Se in amore tutto è lecito questa volta la "passione" sembra davvero aver superato il limite. E la Corte di cassazione ci ha messo del suo. I giudici di Piazza Cavour, sentenza n. 3221/2012, (si legga il testo sul sito di Guida al diritto ), infatti, hanno assolto dal reato di diffamazione e violenza privata un uomo sulla sessantina, residente a Chiavari in Liguria, che per ripicca verso la ex moglie aveva affisso sulla porta di casa della sorella una foto di lei intenta a compiere un atto sessuale .
La crisi durava da un decennio
Ma andiamo per gradi. I due stavano vivendo ormai da più di un decennio una storia travagliata in cui si prendevano e si lasciavano continuamente, fino a quando lei stufa dei soprusi dell'ex lo aveva denunciato e ne aveva anche ottenuto la condanna in primo e secondo grado.
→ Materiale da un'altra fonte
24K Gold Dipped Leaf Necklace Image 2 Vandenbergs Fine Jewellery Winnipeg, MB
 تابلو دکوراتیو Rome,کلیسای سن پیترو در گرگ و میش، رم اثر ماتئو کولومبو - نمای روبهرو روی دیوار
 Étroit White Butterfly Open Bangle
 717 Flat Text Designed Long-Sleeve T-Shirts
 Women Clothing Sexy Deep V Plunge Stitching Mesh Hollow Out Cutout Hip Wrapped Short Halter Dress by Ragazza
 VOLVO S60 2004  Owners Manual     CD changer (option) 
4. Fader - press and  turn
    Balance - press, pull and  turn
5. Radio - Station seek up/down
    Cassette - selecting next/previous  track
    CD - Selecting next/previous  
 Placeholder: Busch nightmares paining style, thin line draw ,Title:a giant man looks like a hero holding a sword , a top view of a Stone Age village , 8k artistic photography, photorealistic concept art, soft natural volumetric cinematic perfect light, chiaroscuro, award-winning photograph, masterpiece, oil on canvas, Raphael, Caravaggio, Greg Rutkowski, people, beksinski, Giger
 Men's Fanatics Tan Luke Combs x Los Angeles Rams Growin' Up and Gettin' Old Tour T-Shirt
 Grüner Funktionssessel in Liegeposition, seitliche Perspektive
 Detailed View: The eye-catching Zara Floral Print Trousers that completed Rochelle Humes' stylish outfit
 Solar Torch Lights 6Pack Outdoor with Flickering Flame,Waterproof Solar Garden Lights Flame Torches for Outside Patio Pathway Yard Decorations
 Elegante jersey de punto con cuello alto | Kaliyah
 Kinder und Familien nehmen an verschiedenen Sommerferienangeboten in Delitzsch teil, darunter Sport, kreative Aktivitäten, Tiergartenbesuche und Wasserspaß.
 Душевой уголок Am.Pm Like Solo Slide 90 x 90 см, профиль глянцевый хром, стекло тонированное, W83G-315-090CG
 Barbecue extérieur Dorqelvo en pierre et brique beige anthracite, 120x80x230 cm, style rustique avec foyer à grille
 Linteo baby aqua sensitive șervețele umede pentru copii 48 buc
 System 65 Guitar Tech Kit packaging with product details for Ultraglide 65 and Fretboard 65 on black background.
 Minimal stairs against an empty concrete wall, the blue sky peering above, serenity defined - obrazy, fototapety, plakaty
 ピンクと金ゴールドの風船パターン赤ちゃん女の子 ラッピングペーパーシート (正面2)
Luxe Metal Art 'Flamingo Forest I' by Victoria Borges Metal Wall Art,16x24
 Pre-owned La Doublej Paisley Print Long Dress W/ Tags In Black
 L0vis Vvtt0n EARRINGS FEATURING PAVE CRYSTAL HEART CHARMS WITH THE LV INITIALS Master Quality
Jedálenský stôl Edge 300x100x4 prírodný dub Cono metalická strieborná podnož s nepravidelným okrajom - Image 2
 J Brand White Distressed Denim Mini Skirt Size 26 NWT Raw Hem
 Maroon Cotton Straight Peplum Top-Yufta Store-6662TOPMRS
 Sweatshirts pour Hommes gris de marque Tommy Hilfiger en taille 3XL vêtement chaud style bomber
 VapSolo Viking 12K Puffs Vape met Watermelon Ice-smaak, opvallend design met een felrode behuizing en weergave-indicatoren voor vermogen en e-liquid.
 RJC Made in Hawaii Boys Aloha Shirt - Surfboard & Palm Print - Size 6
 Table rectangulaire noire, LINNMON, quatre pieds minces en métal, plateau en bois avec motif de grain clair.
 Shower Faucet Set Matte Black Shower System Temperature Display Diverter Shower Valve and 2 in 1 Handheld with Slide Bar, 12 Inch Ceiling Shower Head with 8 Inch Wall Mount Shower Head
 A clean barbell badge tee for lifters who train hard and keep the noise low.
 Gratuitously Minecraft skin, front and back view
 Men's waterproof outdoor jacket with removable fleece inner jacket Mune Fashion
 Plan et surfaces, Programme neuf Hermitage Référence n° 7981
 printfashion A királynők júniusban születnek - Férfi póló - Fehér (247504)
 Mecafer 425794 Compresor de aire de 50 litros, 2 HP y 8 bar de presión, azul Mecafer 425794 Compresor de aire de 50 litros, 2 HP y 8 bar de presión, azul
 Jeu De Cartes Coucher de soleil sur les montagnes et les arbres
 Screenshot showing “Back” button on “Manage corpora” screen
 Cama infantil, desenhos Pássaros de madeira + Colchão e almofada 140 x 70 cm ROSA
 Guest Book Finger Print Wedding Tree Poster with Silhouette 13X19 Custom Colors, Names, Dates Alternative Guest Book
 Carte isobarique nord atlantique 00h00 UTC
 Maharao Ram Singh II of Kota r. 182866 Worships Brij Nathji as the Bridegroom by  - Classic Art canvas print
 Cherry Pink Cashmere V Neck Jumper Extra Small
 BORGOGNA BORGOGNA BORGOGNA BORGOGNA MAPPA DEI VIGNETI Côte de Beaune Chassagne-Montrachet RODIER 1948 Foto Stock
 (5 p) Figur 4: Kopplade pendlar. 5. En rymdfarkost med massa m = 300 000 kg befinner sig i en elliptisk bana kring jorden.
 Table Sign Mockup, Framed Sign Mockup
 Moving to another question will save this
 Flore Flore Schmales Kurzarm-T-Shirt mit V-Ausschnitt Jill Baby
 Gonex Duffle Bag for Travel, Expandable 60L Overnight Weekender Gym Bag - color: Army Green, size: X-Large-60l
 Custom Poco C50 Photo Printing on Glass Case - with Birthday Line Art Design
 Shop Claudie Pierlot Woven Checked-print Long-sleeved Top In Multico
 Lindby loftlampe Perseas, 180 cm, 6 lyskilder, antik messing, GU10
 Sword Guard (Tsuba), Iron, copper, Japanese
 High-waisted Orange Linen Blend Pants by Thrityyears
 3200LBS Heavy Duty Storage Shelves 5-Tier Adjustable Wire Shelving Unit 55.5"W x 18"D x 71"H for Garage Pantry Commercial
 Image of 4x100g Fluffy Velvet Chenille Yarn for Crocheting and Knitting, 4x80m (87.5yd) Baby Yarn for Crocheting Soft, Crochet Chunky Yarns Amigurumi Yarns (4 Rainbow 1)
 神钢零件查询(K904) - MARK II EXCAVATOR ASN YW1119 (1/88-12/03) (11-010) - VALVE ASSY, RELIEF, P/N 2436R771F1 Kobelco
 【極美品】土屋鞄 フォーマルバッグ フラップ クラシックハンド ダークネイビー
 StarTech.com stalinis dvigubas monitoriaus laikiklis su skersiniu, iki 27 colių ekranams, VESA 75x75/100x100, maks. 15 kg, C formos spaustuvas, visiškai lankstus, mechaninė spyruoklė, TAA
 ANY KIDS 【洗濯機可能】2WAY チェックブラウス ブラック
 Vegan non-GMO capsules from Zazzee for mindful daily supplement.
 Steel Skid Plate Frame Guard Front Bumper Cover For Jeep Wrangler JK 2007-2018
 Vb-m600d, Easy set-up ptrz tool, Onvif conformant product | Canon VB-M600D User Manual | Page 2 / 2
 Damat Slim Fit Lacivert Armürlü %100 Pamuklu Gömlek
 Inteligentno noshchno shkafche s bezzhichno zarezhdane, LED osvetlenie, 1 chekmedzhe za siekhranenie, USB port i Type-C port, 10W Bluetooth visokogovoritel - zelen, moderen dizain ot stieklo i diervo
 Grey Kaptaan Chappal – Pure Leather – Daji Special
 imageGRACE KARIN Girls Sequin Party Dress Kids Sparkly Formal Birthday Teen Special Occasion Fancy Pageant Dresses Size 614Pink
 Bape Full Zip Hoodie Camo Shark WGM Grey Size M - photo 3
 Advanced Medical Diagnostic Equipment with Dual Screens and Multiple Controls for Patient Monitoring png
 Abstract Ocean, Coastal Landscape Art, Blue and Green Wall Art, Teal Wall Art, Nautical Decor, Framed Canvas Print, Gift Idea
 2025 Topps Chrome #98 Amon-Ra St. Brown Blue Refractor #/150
La situazione fra l'altro era resa ancora più difficile per il fatto che vivendo entrambi nello stesso condominio, l'ex marito continuava ad esercitare su di lei un controllo pressante, al punto da arrivare anche a introdursi di notte, e a sua insaputa, in casa, grazie al possesso di un paio di chiavi dell'appartamento. Una violazione di domicilio contestatagli, da cui però era stato assolto per intervenuta prescrizione.
Per la Cassazione non è provato che qualcuno l'abbia vista
In un crescendo l'ex marito arriva a esporre un pianerottolo una foto osé della moglie. Ma, con un ragionamento in punto di diritto che lascia qualche dubbio nel lettore, la Suprema corte ha annullato le condanne di primo e secondo grado, escludendo che sussistessero gli estremi della diffamazione e di conseguenza anche della violenza privata. Infatti, spiega dottamente la Corte «la diffamazione è reato di evento che si consuma nel momento e nel luogo in cui i terzi percepiscono l'espressione ingiuriosa».
E siccome nel caso in questione a mancare sarebbe proprio la prova che la fotocopia della fotografia sia stata effettivamente vista da altre persone, il reato non sussiste. Infatti, «non può ritenersi essere esistente il requisito della comunicazione del fatto ingiurioso a più persone, che ne abbiano avuto effettiva conoscenza». Non solo, in tal modo è caduta anche l'accusa di violenza privata perché tolta di mezzo la diffamazione non sussiste più neppure la prova del tentativo di costringere la donna a riprendere la relazione con lui. Alla fine però il dubbio che qualche condomino quella foto l'abbia vista rimane.